- _Work item_:
Output exactly the lines from the line that has "Paliktnis zem ceļiem 1062832 fiskars" through the last line of the data below, with no pictures.

- _Given information_:
━━━━━━
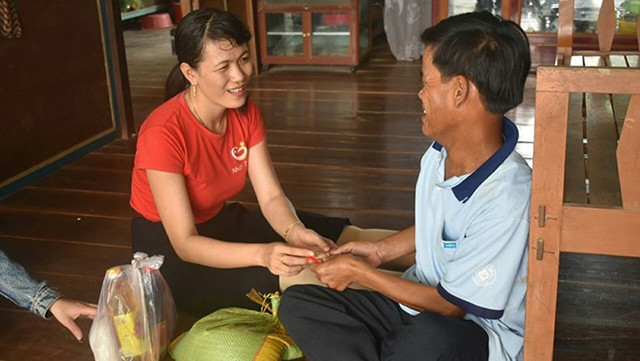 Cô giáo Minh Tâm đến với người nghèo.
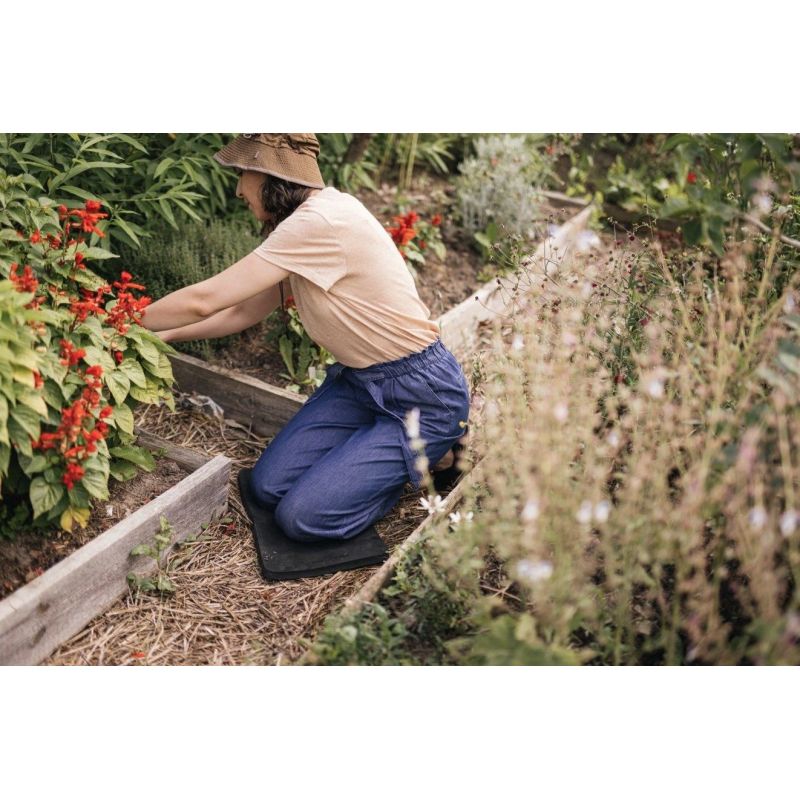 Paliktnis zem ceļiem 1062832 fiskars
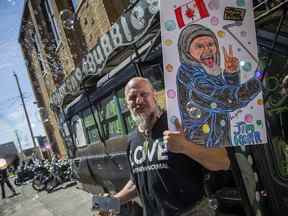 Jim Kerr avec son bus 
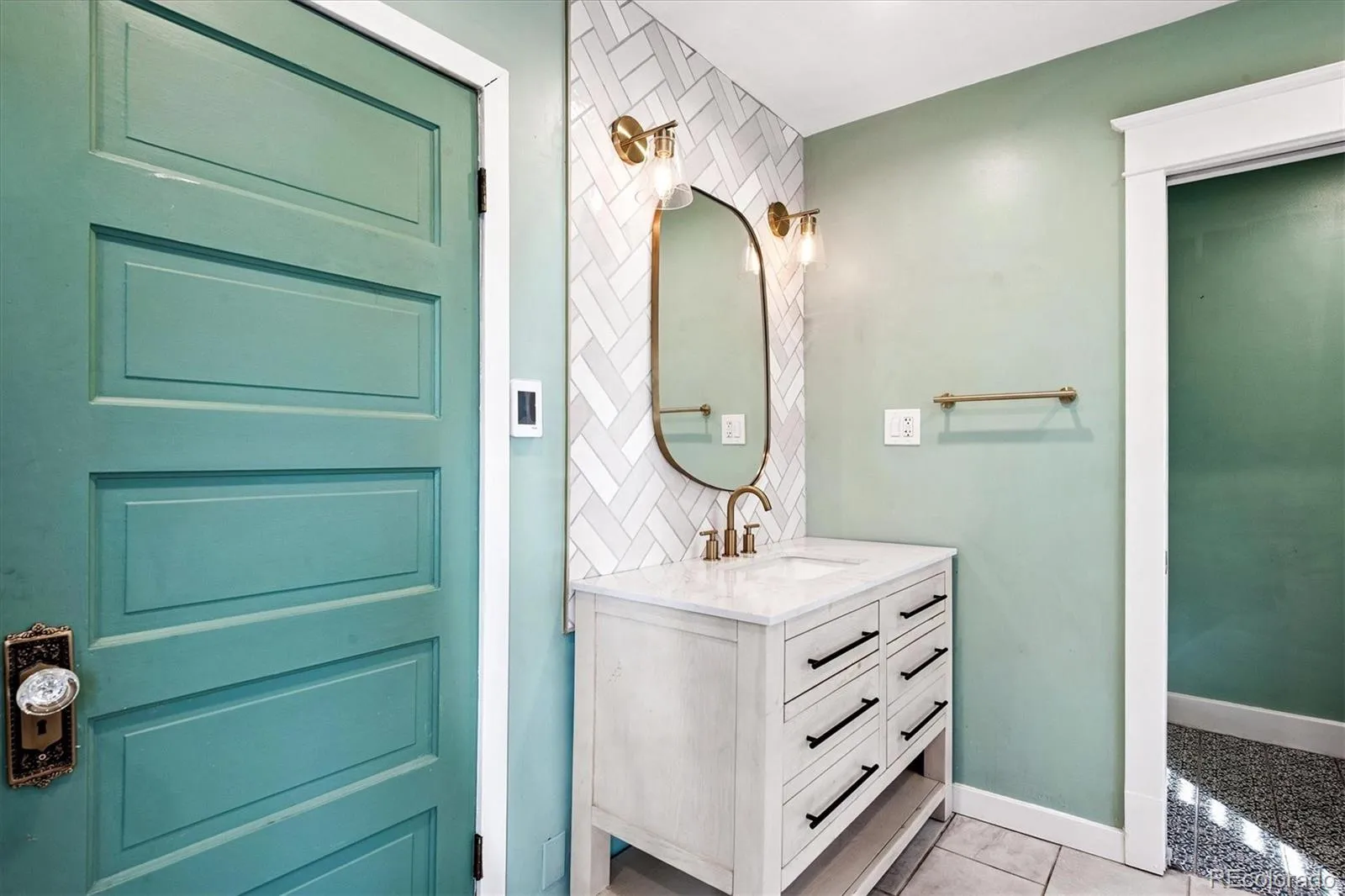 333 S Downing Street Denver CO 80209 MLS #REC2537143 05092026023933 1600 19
━━━━━━
- _Solution_:
 Paliktnis zem ceļiem 1062832 fiskars
 Jim Kerr avec son bus 
 333 S Downing Street Denver CO 80209 MLS #REC2537143 05092026023933 1600 19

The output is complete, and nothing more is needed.